The Freney pillars rise 800 meters from the upper Freney Glacier to the crest of the Brouillard Ridge. The Right Hand Pillar, climbed first in 1940 by Paolo Bollini and the great Giusto Gervasutti is not as well defined as the famous Central Pillar, climbed in 1961 by Chris Bonington, Ian Clough, Jan Duglosz and Don Whillans, or the South Pillar, first climbed in its entirety in 1972 by two great French guides, Louis Dubost and Yannick Seigneur. Both pillars stand proud from the face. The Hidden Pillar, between Central and South, lies flush with the face and only begins half way up it. Reaching the base requires climbing a relatively straightforward but objectively dangerous couloir, often raked by stonefall from the gullies either side of the pillar above. However, even on the 350-meter pillar itself, climbing is far from safe; several of the small number of teams to have made an ascent have reported an alarming amount of rock and ice fall originating from the ledges at the pillar’s top.

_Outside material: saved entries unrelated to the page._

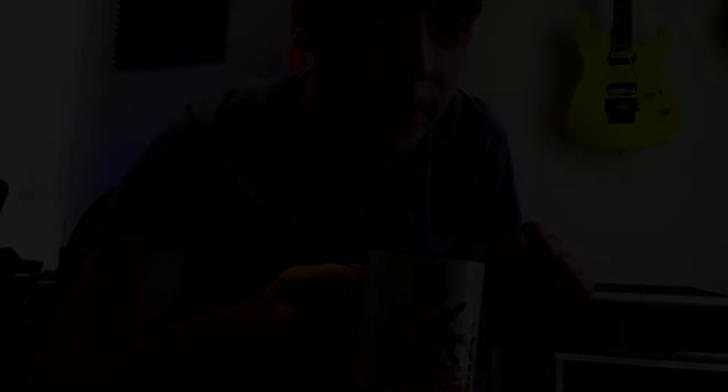By the way, I got my prototype! It's the Austrian Picking Power logo on a mug in gloss finish, red inside. How do you like that? Write down in the comment section below.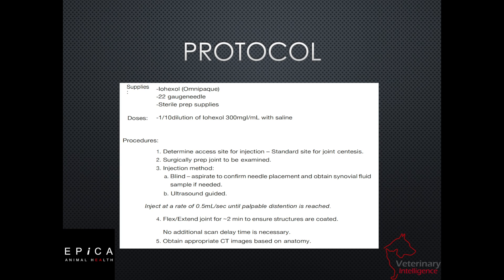We're going to inject into the joint space. Some people use an ultrasound to guide their needle; others do not. Others may turn on the fluoro. Vimago systems have a fluoroscopy mode that you can use to guide your needle into the joint space, and there are some who are good enough to do it blind. We're going to inject at a rate of 0.5 mils per second, waiting for palpable distension.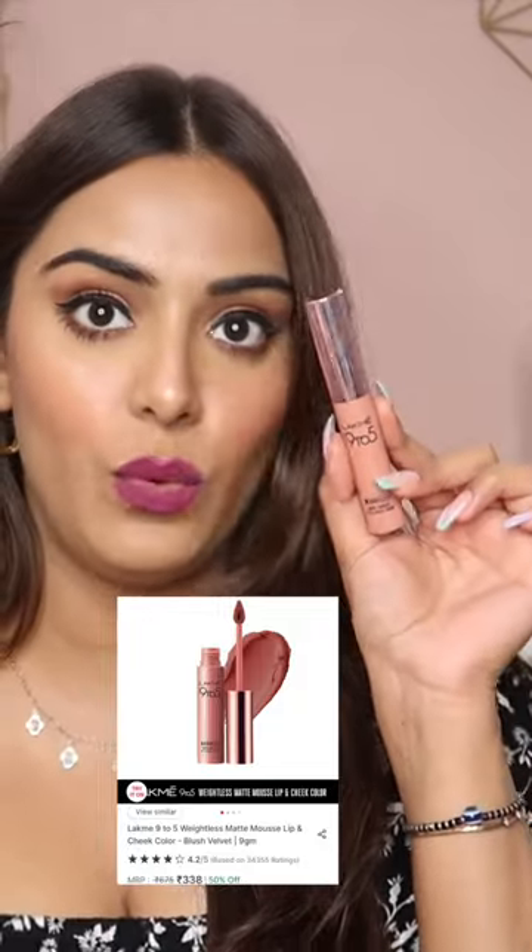First, I'm going to talk about the OG — Lack Me 9 to 5 Weightless Matte Mousse Lip and Cheek Color in the shade Blush Velvet. It's a pretty mousse consistency lip and cheek tint, a really pretty nude kind of pink tint. It looks very pretty. I used it as a lipstick and as a cheek tint. It just looks so beautiful. I've applied this over here.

Gabarrou and Dumarest left the Eccles bivouac hut on the Innominata Ridge, descended to the upper Freney Glacier and that evening were bivoucked at the top of the pillar having climbed seven long new pitches. The following day they reached the crest of the Brouillard Ridge in a fierce storm, with winds reported to be more than 100 kph. Crawling on hands and knees, each using two axes to avoid being blown into the void, they reached the summit. The route has been named Jean-Chri (5.12a A1, 800m).

The Hidden Pillar of Freney really lives up to its name in this photo of the Freney Face from the northeast. Rising from behind the rocky crest of the Peuterey Ridge, the Central Pillar is the dominant feature in the center of the picture. To its left a less steep pillar/spur with an extremely steep and monolithic right wall is the South Pillar. The Hidden Pillar is… hidden… between the two. The upper skyline is the Brouillard Ridge. [Photo] Luca Signorelli

The first ascent of the Hidden Pillar, which until reaching the headwall took a line of cracks up the left side of the face, was a tour de force by Americans Tom Frost and John Harlin, who climbed it over August 1-2, 1963. Together with Gary Hemming and Stuart Fulton the two Americans had just made the highly coveted first ascent of the south face of the Fou and were now taking part in the international Rassemblement, which in those days took place annually in Chamonix. Frost and Harlin climbed the pillar at VI and A3, creating probably the hardest route to the summit of Mont Blanc. Writing in the American Alpine Journal, Harlin reported, “the excellent quality of the rock, the technical difficulty, the high altitude, and the wild surroundings of the Freney face, combine to make a route of great proportions.”

The second ascent, in 1969 by Slovenians, Belak and Krivic, was completed under very trying conditions. The legendary Italian, Marco Bernardi, made the third ascent, and first solo, in 1981. On what was probably the fourth ascent, British climbers Paddy Gaunt and Mark Miller completed the route from the Trident Hut to the Vallot Hut in a mere fifteen hours. They mostly climbed free at a maximum of 5.10d, using aid on only one 45-meter pitch of the headwall (A1/A2). The line (10 shortish pitches) has been climbed free at around 5.11b, though who did it first is not clear.